• [What you have to do]: Every entry below should be transcribed exactly; pictures stay out of the copy.

───── Task data

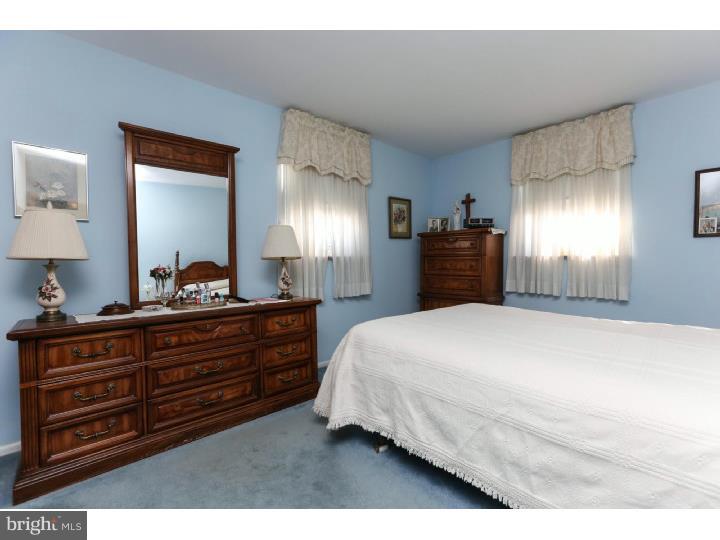 1911 Hemlock Road Flourtown, PA 19031 - Photo 14 of 25 Gallery Image 14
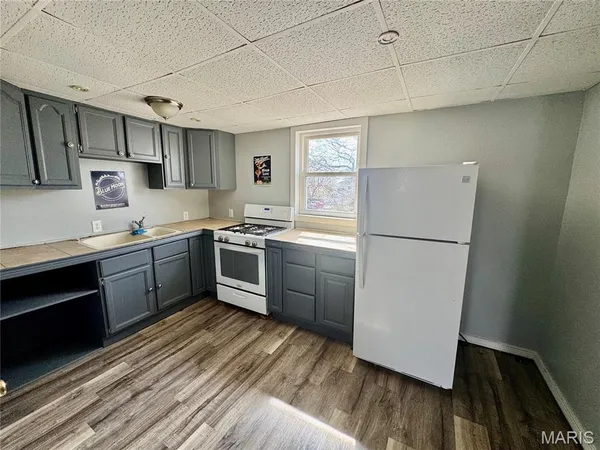 $795 | 207 East Penning Avenue, Unit B, Wood River, IL 62095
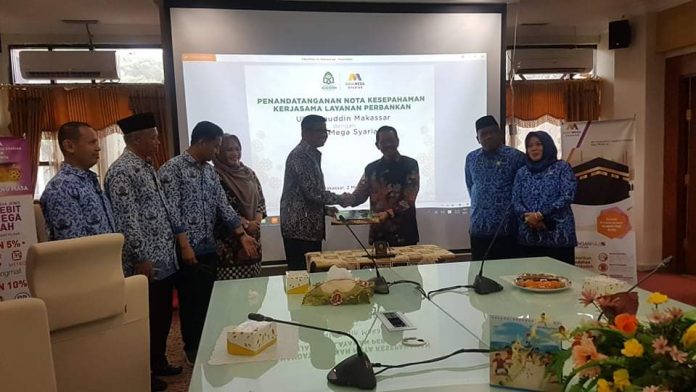 Penandatanganan MoU UIN Alauddin Makassar dengan Bank Mega Syariah.[Foto:/Ist.]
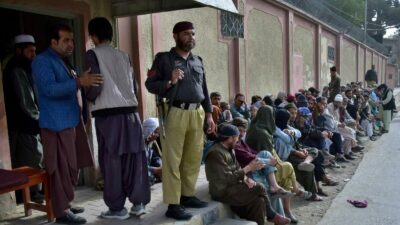 Über 165.000 Afghanen haben Pakistan wegen Ausreisefrist bereits verlassen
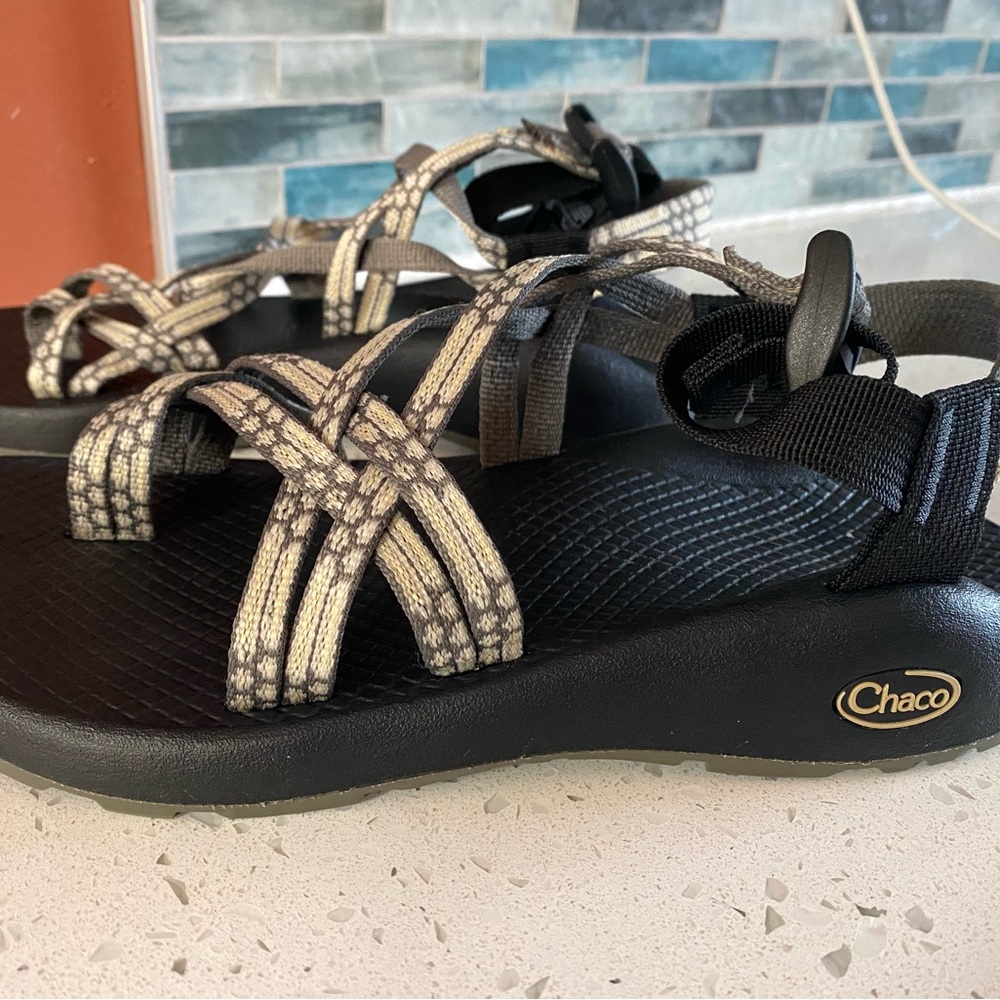 Chaco Black and Cream Sandals with Adjustable Straps size 8w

──────────

• [Written solution]:
 1911 Hemlock Road Flourtown, PA 19031 - Photo 14 of 25 Gallery Image 14
 $795 | 207 East Penning Avenue, Unit B, Wood River, IL 62095
 Penandatanganan MoU UIN Alauddin Makassar dengan Bank Mega Syariah.[Foto:/Ist.]
 Über 165.000 Afghanen haben Pakistan wegen Ausreisefrist bereits verlassen
 Chaco Black and Cream Sandals with Adjustable Straps size 8w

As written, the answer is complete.